**PROBLEM STATEMENT:** Output, exactly as written, the lines below from the one that has "To complete a" through the one that has "Mix. Polish your"; nothing else, and no pictures.

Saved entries
● ● ● ● ●

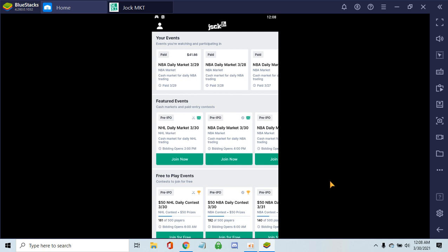Hello, welcome to another episode of Cyber Real Estate. Today we've got something new called Jock Market. It's brand new, only been out six months. It's a fantasy sports style market where we can day trade fantasy sports.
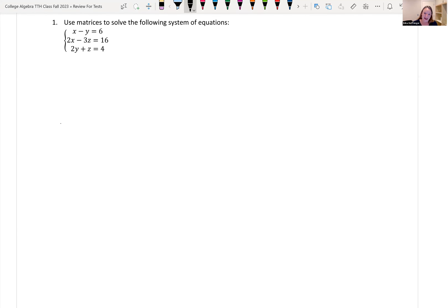In this video, we're looking at solutions to a college final exam that I've given in the past.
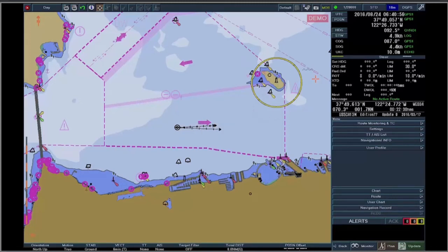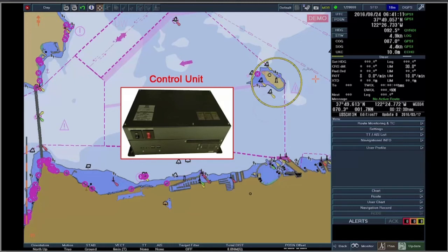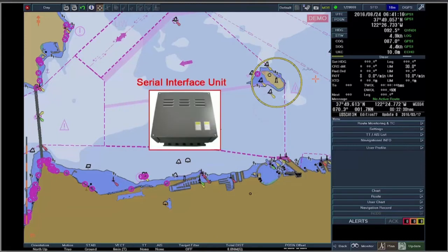The main components of the display unit for EC8100-8600 are the Control Unit, which controls and processes for the ECTS system, and the Serial Interface Unit, which receives information from GPS, gyro, speed log, AIS, etc.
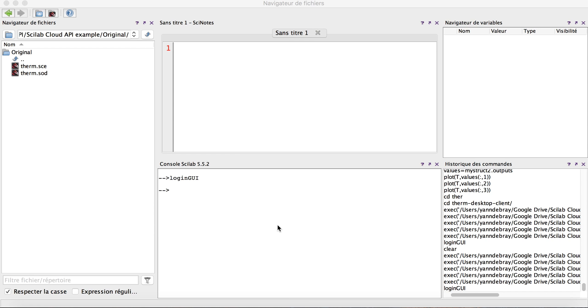In this video I'm going to show you how to develop and deploy an algorithm with Scilab and Scilab Cloud API.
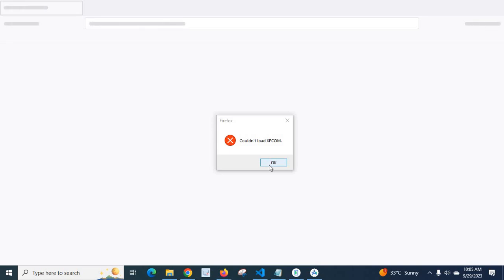This happens by mixing the files when Mozilla Firefox updates. So try to uninstall and install it with the new latest version of Mozilla Firefox. It will solve your error and fix the error could not load XPCOM.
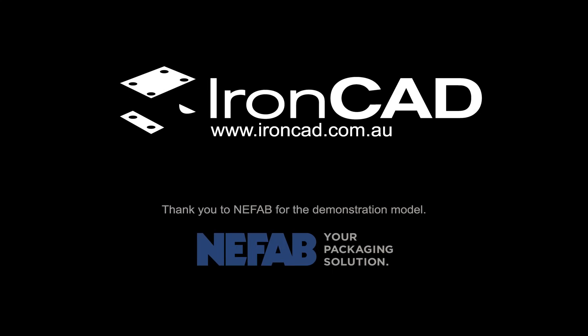Thanks for watching, and thanks to Nefab for their catalogue and demonstration models.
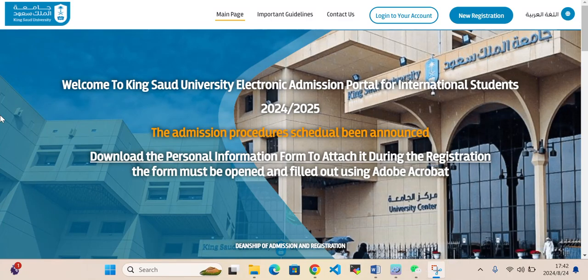Hello everyone, welcome back to my YouTube channel. Today in this video we'll talk about scholarship opportunities at King Saud University. If you want to study on scholarship at King Saud University, you can watch this video.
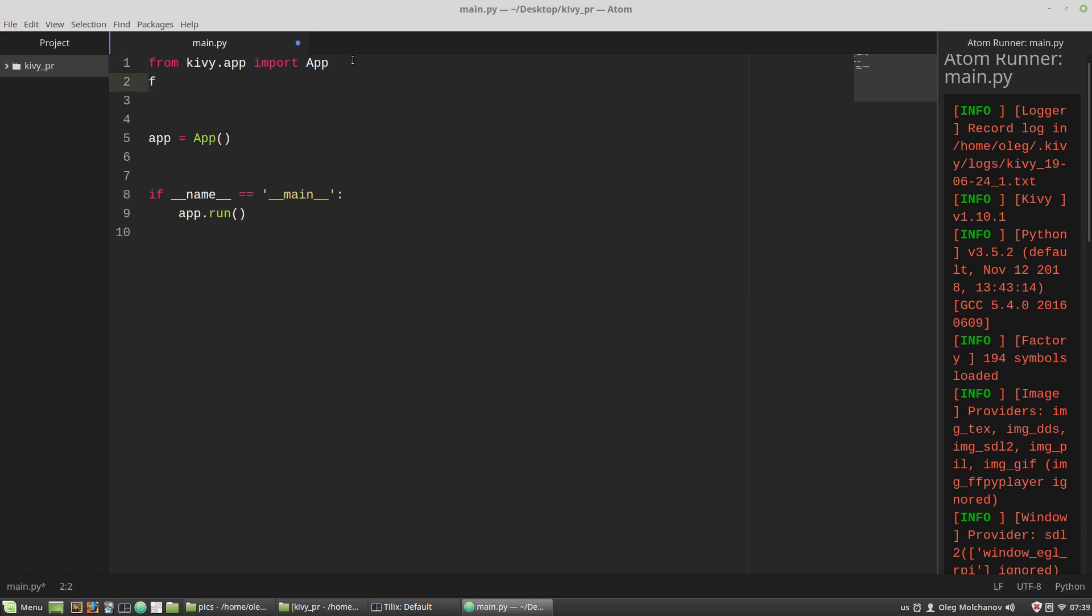Here from kivy.uix.button import the button class. And as usual to change the class behavior we have to create a child class that will inherit its properties from the parent class, that is from the app class.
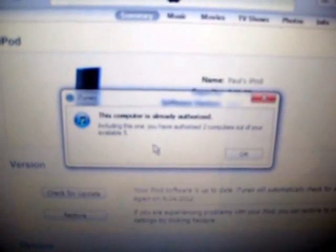Now it says this computer has already been authorized. I'm not really sure why it would ask me to authorize it again if it had already been authorized, but okay.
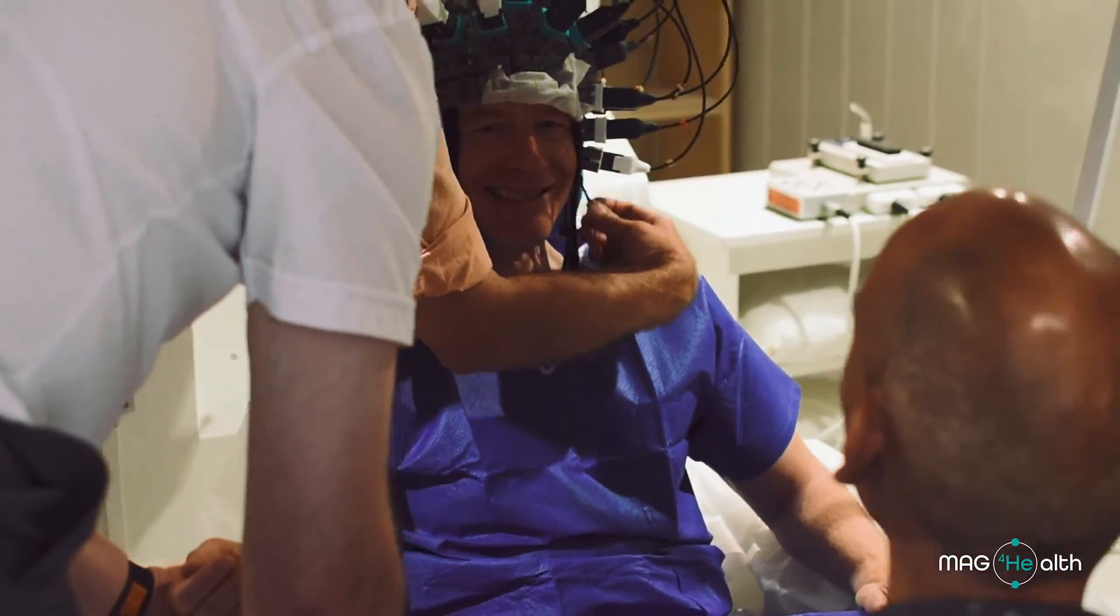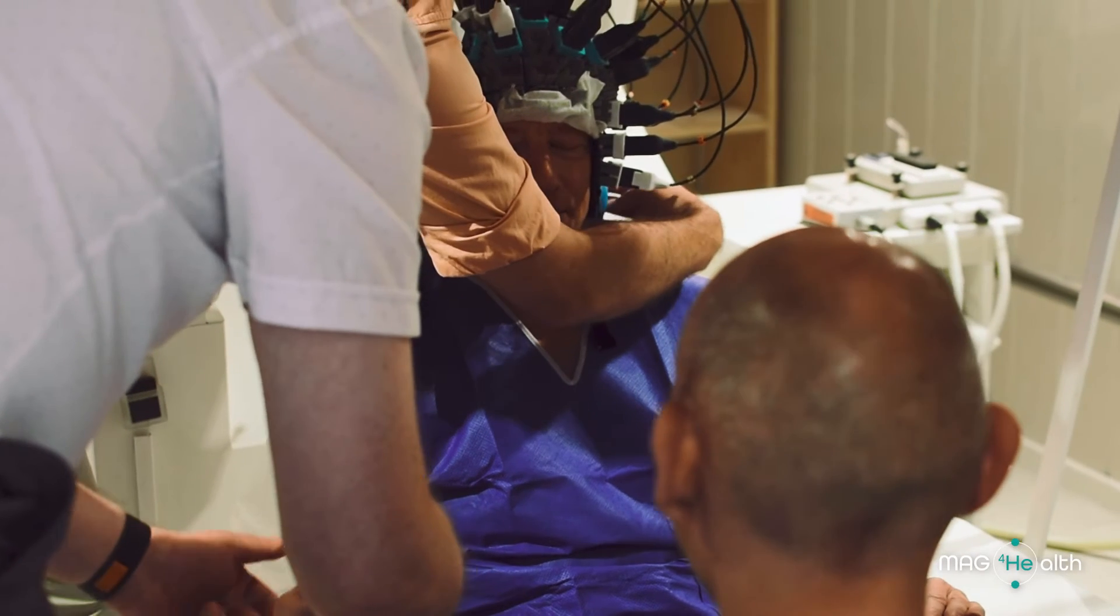It's completely amazing because we can follow in real time what is happening in the brain.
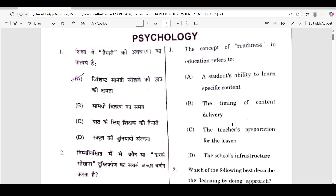Hello everyone, welcome to Positive Approach Academy. My name is Priyanka. Just like the non-medical exam today, 8th June, that's the psychology portion. Besides the other subjects — chemistry, mathematics, physics, GK — they are also uploaded on the channel, so you should see them.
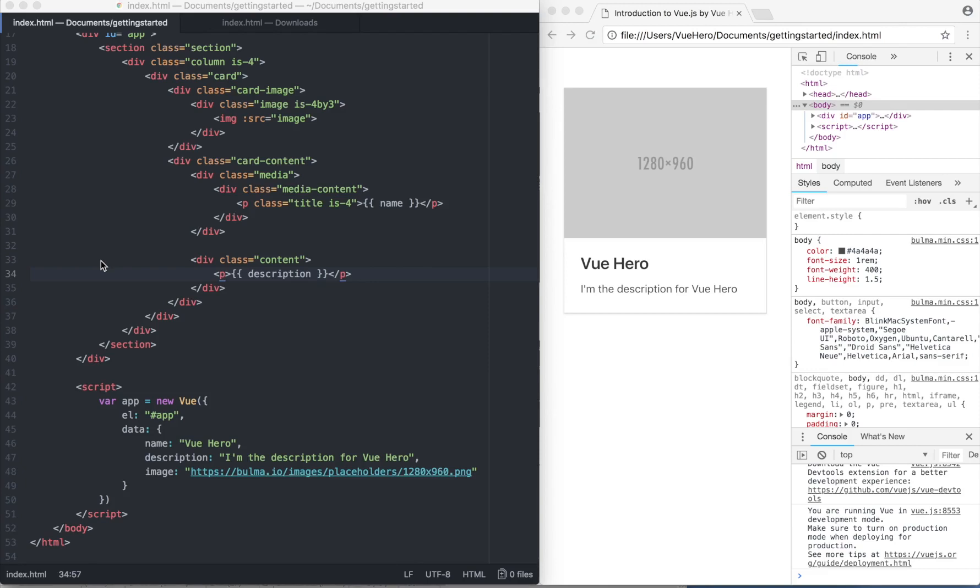Hello and welcome back to the fourth part of the Getting Started with Vue.js course. In this part we're going to go over something called list rendering, where I will show you how you can render a list of objects.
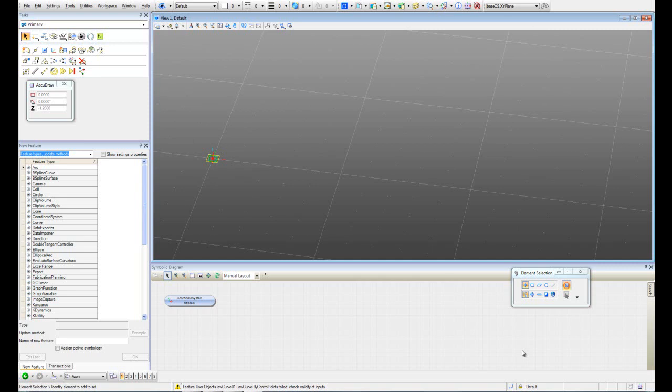Welcome to this short tutorial. In this tutorial we're going to learn how to create a log curve and use the value of that log curve to add variation to one feature that we create in our model.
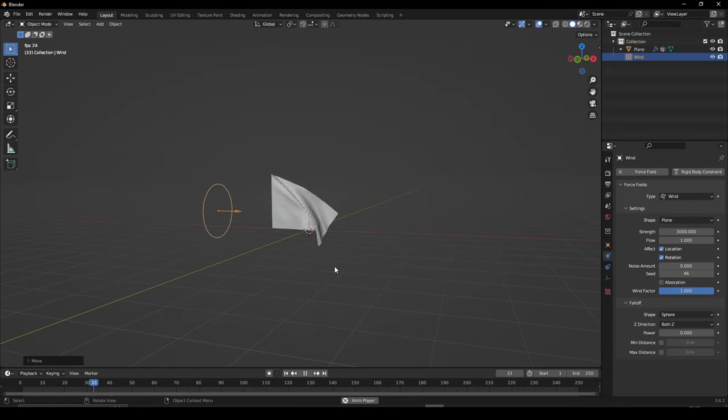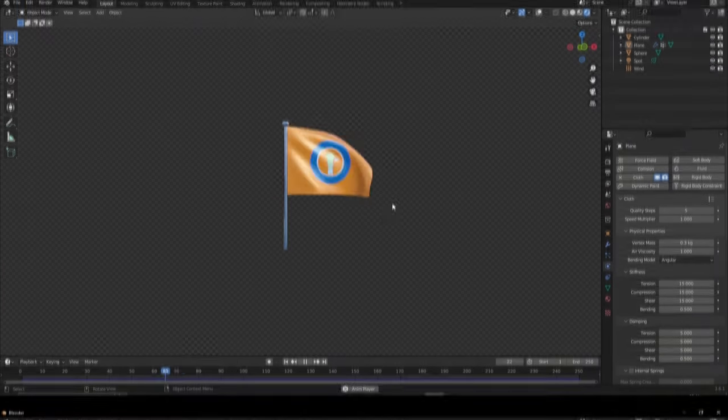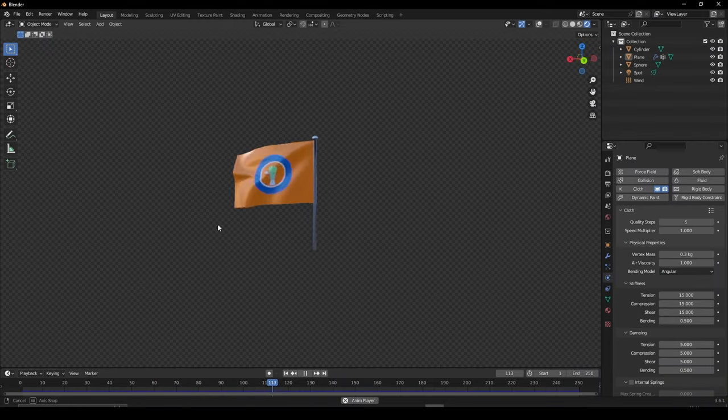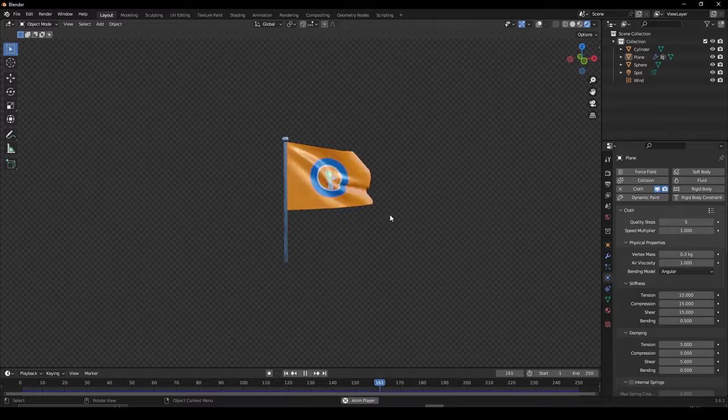Press play and watch your flag in motion. Give your flag a material and you're all set. I hope you've enjoyed and thanks for watching.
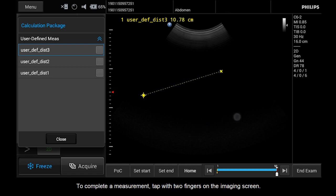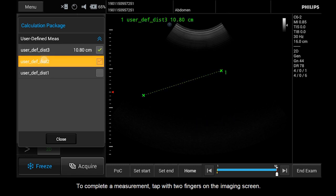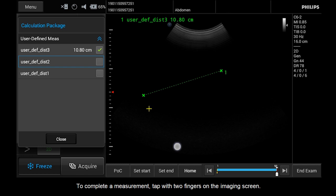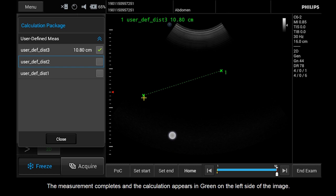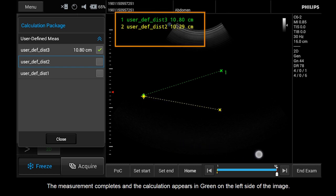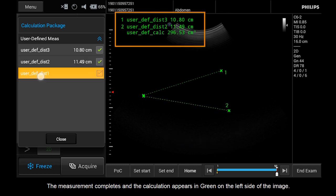To complete a measurement, tap with two fingers on the imaging screen. The measurement completes and the calculation appears in green on the left side of the image.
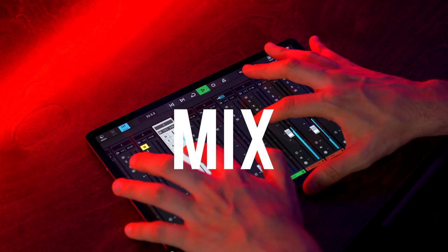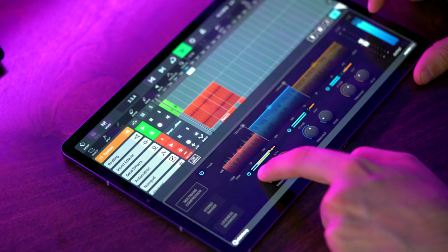Mix. Polish your music to perfection with a full-blown mixer, in-depth automation and pro-grade effects.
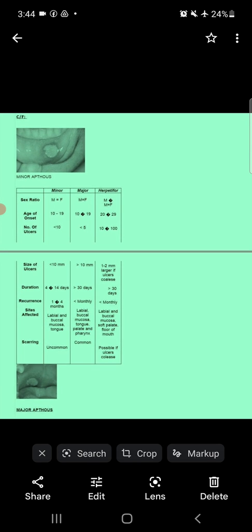Now come to the comparison of these ulcers. Regarding sex ratio: in minor and major ulcers, there is the same ratio in both male and female, but herpetiform ulcers are more common in females because females experience more stress. Regarding age of onset: minor and major ulcers appear from 10 to 19 years, but herpetiform ulcers appear from 20 to 29 years.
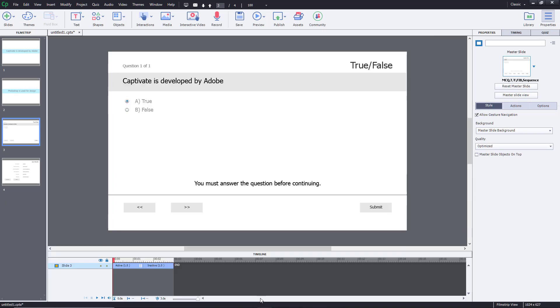To fix it, we have to go to timeline right over here. Here it says this is the active portion and this is the inactive portion at the end. What I need to do is simply drag the inactive portion out right over here, just like that. So only the active portion remains.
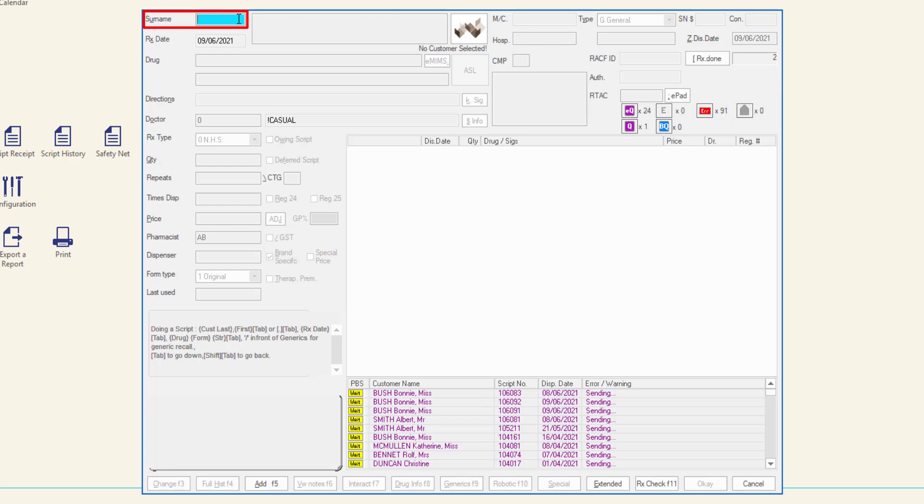In this demonstration, we will search by name. The customer's name is Bonnie Bush, so I will enter Bush into the surname field. Then press Tab.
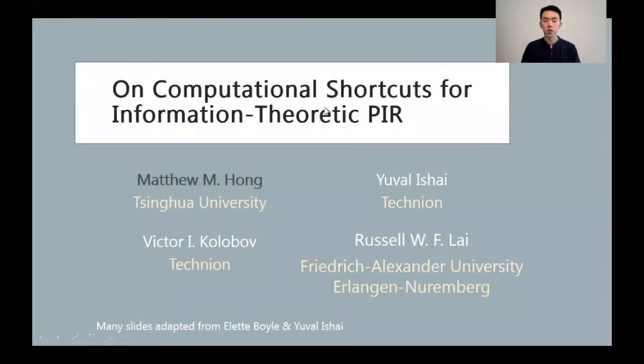Hi, this is 'On Computational Shortcuts for Information Theoretic PIR,' and this is joint work with Radish I, Dicca Collor-Lob, and Russell Lion.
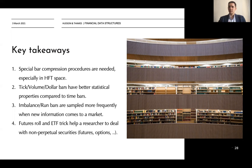We have discussed that there are two types of imbalance bars. The first type is EMA imbalance bars, which are described in the book, and the second one, introduced by our researchers, is called constant imbalance bars.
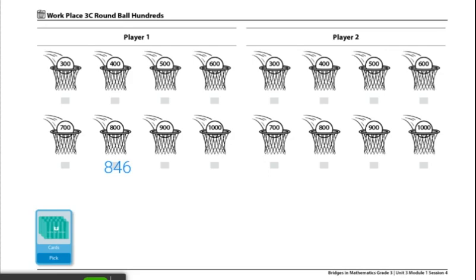If you are looking for different variations for this game, you can play Round Ball Thousands. Write another zero at the end of each number on the basketball hoop. Then draw four cards, arrange them as four-digit numbers, round the number to the nearest thousand, and determine which basket it would go in.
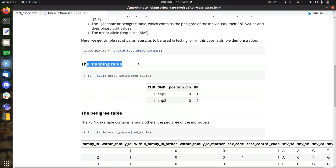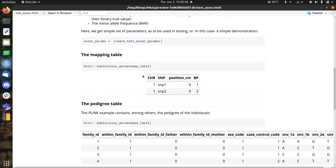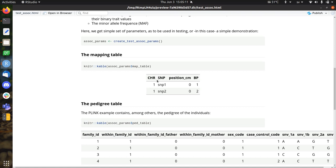So let's take a look at the mapping table. This is how it looks. This is the, these are the default, this is a file that's default in Plinkr 1.9. And it's called test.map. It looks like this. It has two snips on, actually, this is the same chromosome, at different base pairs, base pair 1, base pair 2. Those have a position in centimorgans, which is set to zero, which means that it won't be used in the analysis. So I'm going to use that one.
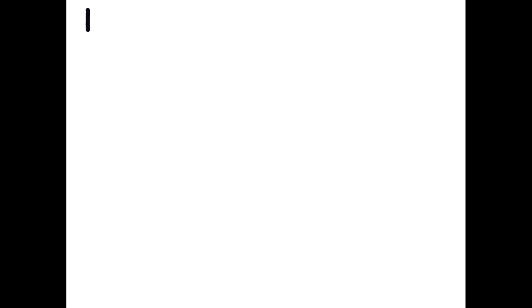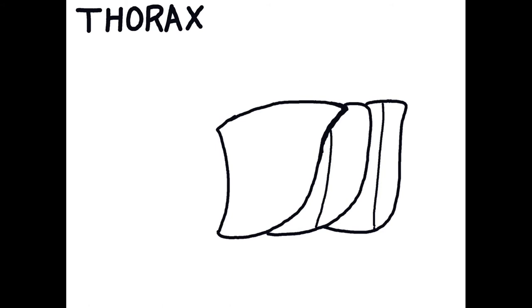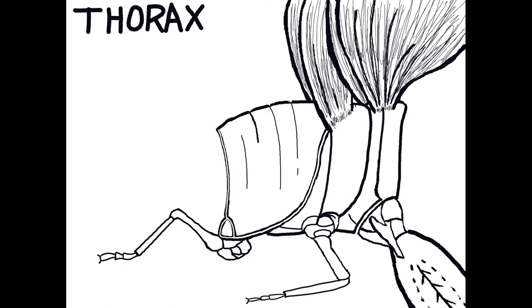The thorax is the middle region of the body. It is also known as the locomotor region because it bears the wings and legs of insects. A typical insect has six true legs, thus the term hexapoda.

● ● ● ● ●

**EXERCISE OUTPUT:**
To complete a measurement, tap with two fingers on the imaging screen. The measurement completes and the calculation appears in green on the left side of the image.
Mix. Polish your music to perfection with a full-blown mixer, in-depth automation and pro-grade effects.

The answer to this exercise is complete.